→ What the task asks: Only the lines below from the one containing "Servidor de aplicaciones: ejecuta" to the one containing "desarrollo de aplicaciones." should be repeated, both included and unchanged.

→ Data to use:
+++

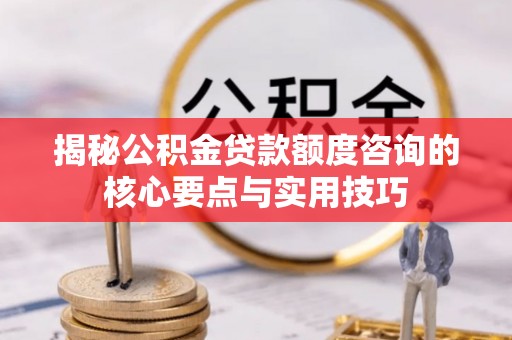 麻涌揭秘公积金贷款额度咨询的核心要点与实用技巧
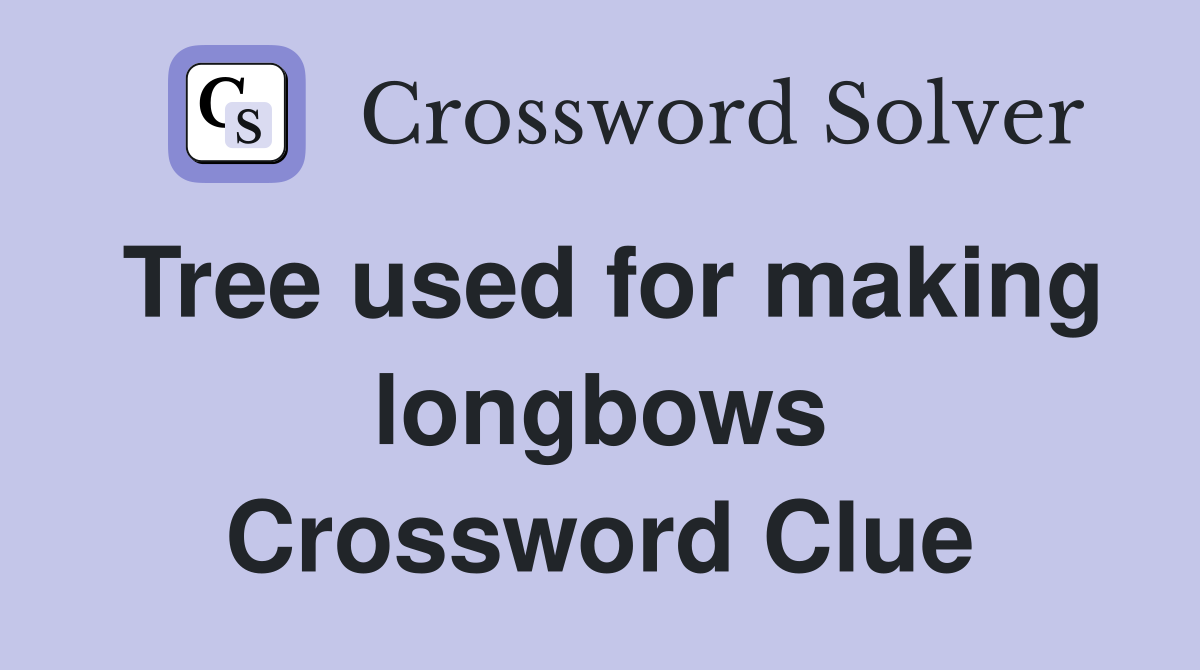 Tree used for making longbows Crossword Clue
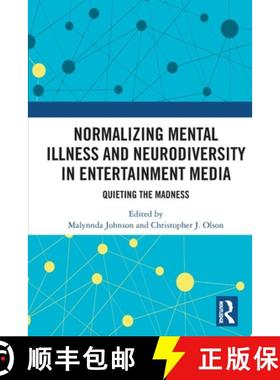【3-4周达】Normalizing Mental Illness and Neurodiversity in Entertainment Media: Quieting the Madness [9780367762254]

+++

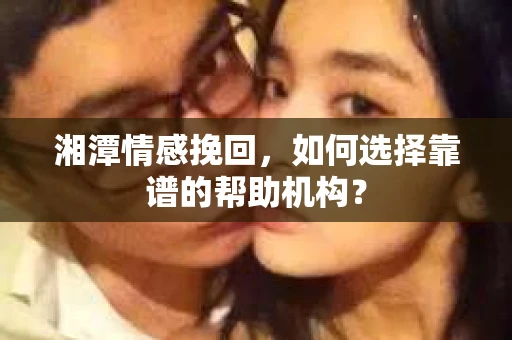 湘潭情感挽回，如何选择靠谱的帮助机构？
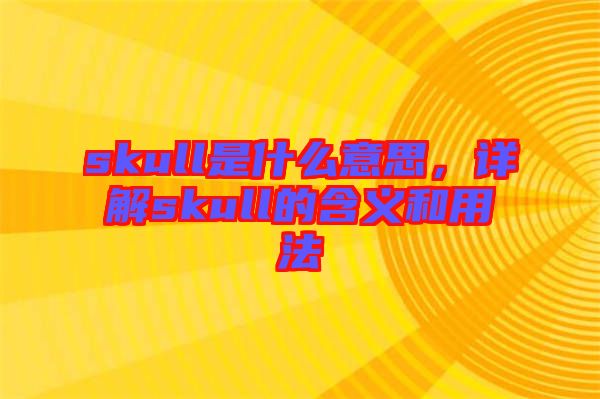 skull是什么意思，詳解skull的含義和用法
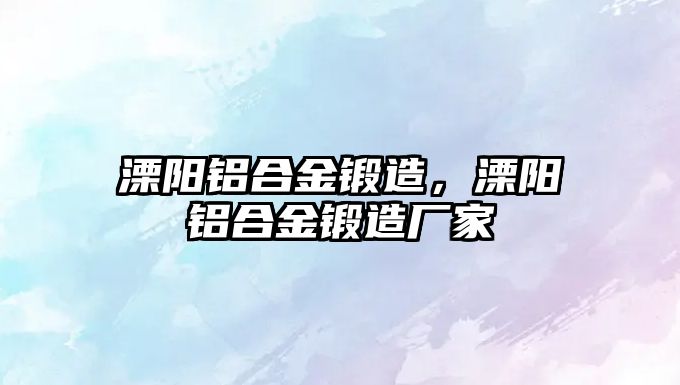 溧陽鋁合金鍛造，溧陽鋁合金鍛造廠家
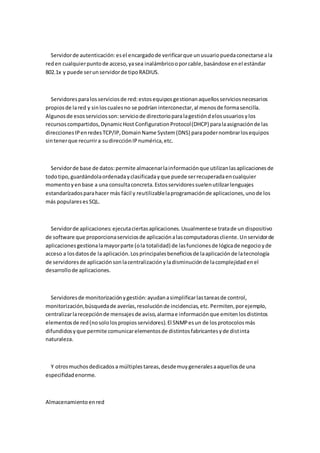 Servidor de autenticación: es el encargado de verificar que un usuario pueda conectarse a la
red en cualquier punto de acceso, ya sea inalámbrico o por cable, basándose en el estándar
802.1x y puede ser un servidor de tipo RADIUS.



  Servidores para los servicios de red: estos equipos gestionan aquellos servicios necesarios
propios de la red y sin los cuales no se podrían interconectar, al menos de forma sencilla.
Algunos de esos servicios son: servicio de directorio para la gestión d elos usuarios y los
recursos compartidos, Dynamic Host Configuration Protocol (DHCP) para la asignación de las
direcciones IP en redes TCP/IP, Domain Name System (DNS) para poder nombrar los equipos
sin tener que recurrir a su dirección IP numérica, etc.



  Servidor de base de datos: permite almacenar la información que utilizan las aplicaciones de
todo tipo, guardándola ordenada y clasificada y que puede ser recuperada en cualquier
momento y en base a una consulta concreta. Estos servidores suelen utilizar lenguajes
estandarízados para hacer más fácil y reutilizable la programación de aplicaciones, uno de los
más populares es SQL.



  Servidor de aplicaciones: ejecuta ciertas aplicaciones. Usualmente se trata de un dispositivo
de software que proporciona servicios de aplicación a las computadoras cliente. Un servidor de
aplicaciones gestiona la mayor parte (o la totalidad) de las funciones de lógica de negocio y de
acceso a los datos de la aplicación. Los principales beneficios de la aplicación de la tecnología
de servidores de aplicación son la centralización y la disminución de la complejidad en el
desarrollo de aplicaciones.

+++

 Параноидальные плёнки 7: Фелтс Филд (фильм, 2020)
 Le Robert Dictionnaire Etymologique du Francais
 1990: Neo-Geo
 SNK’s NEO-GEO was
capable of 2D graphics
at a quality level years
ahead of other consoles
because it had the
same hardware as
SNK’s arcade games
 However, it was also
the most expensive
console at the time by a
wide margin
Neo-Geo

+++

→ Task output:
  Servidor de aplicaciones: ejecuta ciertas aplicaciones. Usualmente se trata de un dispositivo
de software que proporciona servicios de aplicación a las computadoras cliente. Un servidor de
aplicaciones gestiona la mayor parte (o la totalidad) de las funciones de lógica de negocio y de
acceso a los datos de la aplicación. Los principales beneficios de la aplicación de la tecnología
de servidores de aplicación son la centralización y la disminución de la complejidad en el
desarrollo de aplicaciones.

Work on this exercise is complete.